In general, the fewer workspaces per developer, the easier it is for the individual developer to manage. However, the complexity of the underlying images increases as the images need to support multiple projects, each potentially with its own language, set of tooling, and dependencies.
Nevertheless, for teams that do not have a complex development workflow, we recommend starting with one workspace per developer, since it is the fastest, most straightforward model to adopt.
One workspace per developer
With one workspace per developer, you can think of the Coder workspace the way you would a laptop: the workspace is where you have all of your languages, dependencies, and tooling installed, and it is the one place you'd go to work on your projects.
Benefits:
- Fewer workspaces to manage
- No need to switch between workspaces for different projects
Potential caveats:
- The size of the workspace can grow quite large
- The image supporting such a workspace can become complex
One workspace per architecture
In this situation, you would create one workspace for your JavaScript projects, one workspace for your Python projects, and so on.
Benefits:
- Smaller images, since they only contain one language and its dependencies
Potential caveats:
- Developers may have multiple workspaces, consuming more storage space overall
One workspace per project per developer
Each developer has multiple workspaces, with each workspace devoted to one project. If a developer is currently working on three projects, they'd have three workspaces.
Benefits:
- Streamlined images with only the languages and dependencies included
- Smaller, lighter workspaces
Potential caveats:
- As the number of workspaces per developer grows, the importance of well-defined dotfiles grow to ensure that developers do not spend too much time personalizing their workspaces
One workspace per major version of the project
A subset of this category is one workspace per major version of a project (e.g., making major, breaking changes to something). Furthermore, Coder allows you to change the underlying image, so you can update the image (changing out the language and any dependencies) if needed.
The benefits and potential caveats of this option are similar to those involved with setting up one workspace per project per developer.
One workspace per feature/branch
Setting up one workspace per feature (or branch) allows your developers to focus only on that feature.

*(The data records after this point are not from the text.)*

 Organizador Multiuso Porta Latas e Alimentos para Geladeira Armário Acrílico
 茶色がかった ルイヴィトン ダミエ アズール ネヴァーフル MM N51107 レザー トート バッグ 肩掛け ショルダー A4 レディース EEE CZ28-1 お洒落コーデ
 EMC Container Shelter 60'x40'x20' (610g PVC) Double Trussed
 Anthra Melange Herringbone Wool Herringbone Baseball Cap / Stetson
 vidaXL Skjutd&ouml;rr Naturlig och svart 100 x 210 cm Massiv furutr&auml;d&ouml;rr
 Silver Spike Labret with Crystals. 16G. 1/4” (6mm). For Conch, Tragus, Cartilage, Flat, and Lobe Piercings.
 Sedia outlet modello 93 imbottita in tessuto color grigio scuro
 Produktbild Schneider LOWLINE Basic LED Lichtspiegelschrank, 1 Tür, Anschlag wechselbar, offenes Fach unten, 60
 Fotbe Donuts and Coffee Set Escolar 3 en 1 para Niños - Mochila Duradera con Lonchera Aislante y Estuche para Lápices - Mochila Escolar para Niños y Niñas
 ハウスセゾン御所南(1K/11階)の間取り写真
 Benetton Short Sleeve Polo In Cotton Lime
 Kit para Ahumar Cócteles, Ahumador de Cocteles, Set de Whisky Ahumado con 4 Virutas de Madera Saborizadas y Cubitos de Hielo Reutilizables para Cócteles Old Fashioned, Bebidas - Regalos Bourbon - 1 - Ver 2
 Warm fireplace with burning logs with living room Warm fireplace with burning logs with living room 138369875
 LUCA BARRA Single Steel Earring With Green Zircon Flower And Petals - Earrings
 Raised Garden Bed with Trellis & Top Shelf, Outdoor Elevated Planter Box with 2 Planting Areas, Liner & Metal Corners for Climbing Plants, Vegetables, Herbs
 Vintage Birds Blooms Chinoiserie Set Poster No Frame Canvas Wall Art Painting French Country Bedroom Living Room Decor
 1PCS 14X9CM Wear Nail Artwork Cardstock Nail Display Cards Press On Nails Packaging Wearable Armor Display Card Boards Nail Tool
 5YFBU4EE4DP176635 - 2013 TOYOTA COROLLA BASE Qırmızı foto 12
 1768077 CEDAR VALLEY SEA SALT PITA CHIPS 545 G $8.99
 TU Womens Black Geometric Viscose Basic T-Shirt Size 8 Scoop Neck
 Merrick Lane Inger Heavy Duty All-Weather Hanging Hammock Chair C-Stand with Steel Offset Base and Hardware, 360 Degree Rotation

With dev URLs, allowing access to the work in progress, the workspace could also replace the need for any preview builds, while also providing access to some of the logs. Reviewers or other developers could push changes to the branch/pull request from their own workspaces without needing access to the primary developers' workspaces.
One workspace per commit
We do not recommend creating workspaces on a per-commit basis due to the high cost of resources in these situations.